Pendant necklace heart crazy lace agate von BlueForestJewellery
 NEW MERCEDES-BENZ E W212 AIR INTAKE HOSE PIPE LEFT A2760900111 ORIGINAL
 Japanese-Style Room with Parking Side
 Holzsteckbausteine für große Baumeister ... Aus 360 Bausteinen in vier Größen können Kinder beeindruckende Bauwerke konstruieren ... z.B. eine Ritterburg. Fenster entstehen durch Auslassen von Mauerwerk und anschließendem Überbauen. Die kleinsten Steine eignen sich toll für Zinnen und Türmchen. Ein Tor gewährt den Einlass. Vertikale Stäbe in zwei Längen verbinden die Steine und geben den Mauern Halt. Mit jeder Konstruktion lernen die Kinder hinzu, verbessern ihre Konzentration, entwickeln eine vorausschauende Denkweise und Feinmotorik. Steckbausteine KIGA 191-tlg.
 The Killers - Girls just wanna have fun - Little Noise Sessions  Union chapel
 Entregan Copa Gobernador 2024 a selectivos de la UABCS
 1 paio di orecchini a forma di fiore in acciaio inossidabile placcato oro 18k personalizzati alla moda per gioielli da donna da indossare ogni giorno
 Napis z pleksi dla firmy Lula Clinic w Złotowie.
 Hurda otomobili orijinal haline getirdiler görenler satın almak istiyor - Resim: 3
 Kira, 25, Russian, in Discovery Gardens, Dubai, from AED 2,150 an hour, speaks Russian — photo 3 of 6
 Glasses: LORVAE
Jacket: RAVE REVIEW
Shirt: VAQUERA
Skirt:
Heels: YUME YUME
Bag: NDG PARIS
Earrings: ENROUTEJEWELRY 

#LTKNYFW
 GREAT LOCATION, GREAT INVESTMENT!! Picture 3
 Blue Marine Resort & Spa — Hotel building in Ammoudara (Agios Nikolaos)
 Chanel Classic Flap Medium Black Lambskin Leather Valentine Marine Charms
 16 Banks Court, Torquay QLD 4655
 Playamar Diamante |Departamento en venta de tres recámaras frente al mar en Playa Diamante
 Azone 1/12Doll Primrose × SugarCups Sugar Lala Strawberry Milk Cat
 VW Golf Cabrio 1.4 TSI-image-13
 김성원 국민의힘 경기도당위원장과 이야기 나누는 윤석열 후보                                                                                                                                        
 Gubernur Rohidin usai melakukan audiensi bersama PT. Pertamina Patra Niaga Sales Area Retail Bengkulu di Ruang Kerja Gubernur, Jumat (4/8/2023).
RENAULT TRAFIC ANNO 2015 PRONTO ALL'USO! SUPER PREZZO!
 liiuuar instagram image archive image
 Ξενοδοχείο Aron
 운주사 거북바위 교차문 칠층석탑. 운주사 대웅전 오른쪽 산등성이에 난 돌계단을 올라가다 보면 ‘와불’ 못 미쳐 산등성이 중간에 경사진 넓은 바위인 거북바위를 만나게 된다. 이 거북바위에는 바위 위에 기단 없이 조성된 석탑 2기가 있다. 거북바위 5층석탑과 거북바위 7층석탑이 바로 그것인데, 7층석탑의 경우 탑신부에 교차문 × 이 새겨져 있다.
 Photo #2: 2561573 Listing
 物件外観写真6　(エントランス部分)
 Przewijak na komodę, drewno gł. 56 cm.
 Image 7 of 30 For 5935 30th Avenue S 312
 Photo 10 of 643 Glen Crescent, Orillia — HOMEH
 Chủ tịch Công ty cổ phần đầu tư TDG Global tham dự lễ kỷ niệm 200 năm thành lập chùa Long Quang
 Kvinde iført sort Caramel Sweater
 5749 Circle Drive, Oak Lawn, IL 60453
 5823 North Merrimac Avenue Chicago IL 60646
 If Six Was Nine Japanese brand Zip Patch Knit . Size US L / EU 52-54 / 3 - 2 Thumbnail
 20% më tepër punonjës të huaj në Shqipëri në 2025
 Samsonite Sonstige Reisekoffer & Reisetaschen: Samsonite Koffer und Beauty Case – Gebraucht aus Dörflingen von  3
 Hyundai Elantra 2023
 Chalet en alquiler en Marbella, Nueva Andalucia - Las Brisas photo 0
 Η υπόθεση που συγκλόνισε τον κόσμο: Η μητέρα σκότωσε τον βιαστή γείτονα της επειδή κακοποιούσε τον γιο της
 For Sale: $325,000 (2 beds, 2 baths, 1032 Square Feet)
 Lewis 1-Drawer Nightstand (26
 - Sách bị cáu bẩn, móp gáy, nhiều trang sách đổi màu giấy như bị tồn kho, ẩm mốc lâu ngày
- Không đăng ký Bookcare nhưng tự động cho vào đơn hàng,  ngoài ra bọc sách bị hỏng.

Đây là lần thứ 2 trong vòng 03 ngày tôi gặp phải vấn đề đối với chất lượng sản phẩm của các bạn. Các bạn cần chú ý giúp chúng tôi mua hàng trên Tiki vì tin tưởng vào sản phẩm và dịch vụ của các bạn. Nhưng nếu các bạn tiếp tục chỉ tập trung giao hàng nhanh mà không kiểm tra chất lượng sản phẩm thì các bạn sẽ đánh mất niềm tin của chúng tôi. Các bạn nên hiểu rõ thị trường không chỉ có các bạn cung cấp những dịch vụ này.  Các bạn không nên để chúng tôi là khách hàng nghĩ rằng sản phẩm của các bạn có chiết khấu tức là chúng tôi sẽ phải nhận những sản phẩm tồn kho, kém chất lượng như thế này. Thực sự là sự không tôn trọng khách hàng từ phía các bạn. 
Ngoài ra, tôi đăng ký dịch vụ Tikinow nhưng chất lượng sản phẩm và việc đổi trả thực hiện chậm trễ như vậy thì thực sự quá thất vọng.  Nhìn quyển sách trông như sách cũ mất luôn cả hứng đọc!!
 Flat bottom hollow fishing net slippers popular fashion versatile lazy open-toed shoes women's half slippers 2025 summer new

··········

* The problem: Using only the listing above, restate exactly the lines from the line containing "Entregan Copa Gobernador" through the line containing "VW Golf Cabrio 1.4 TSI-image-13", both included.

* Solution:
 Entregan Copa Gobernador 2024 a selectivos de la UABCS
 1 paio di orecchini a forma di fiore in acciaio inossidabile placcato oro 18k personalizzati alla moda per gioielli da donna da indossare ogni giorno
 Napis z pleksi dla firmy Lula Clinic w Złotowie.
 Hurda otomobili orijinal haline getirdiler görenler satın almak istiyor - Resim: 3
 Kira, 25, Russian, in Discovery Gardens, Dubai, from AED 2,150 an hour, speaks Russian — photo 3 of 6
 Glasses: LORVAE
Jacket: RAVE REVIEW
Shirt: VAQUERA
Skirt:
Heels: YUME YUME
Bag: NDG PARIS
Earrings: ENROUTEJEWELRY 

#LTKNYFW
 GREAT LOCATION, GREAT INVESTMENT!! Picture 3
 Blue Marine Resort & Spa — Hotel building in Ammoudara (Agios Nikolaos)
 Chanel Classic Flap Medium Black Lambskin Leather Valentine Marine Charms
 16 Banks Court, Torquay QLD 4655
 Playamar Diamante |Departamento en venta de tres recámaras frente al mar en Playa Diamante
 Azone 1/12Doll Primrose × SugarCups Sugar Lala Strawberry Milk Cat
 VW Golf Cabrio 1.4 TSI-image-13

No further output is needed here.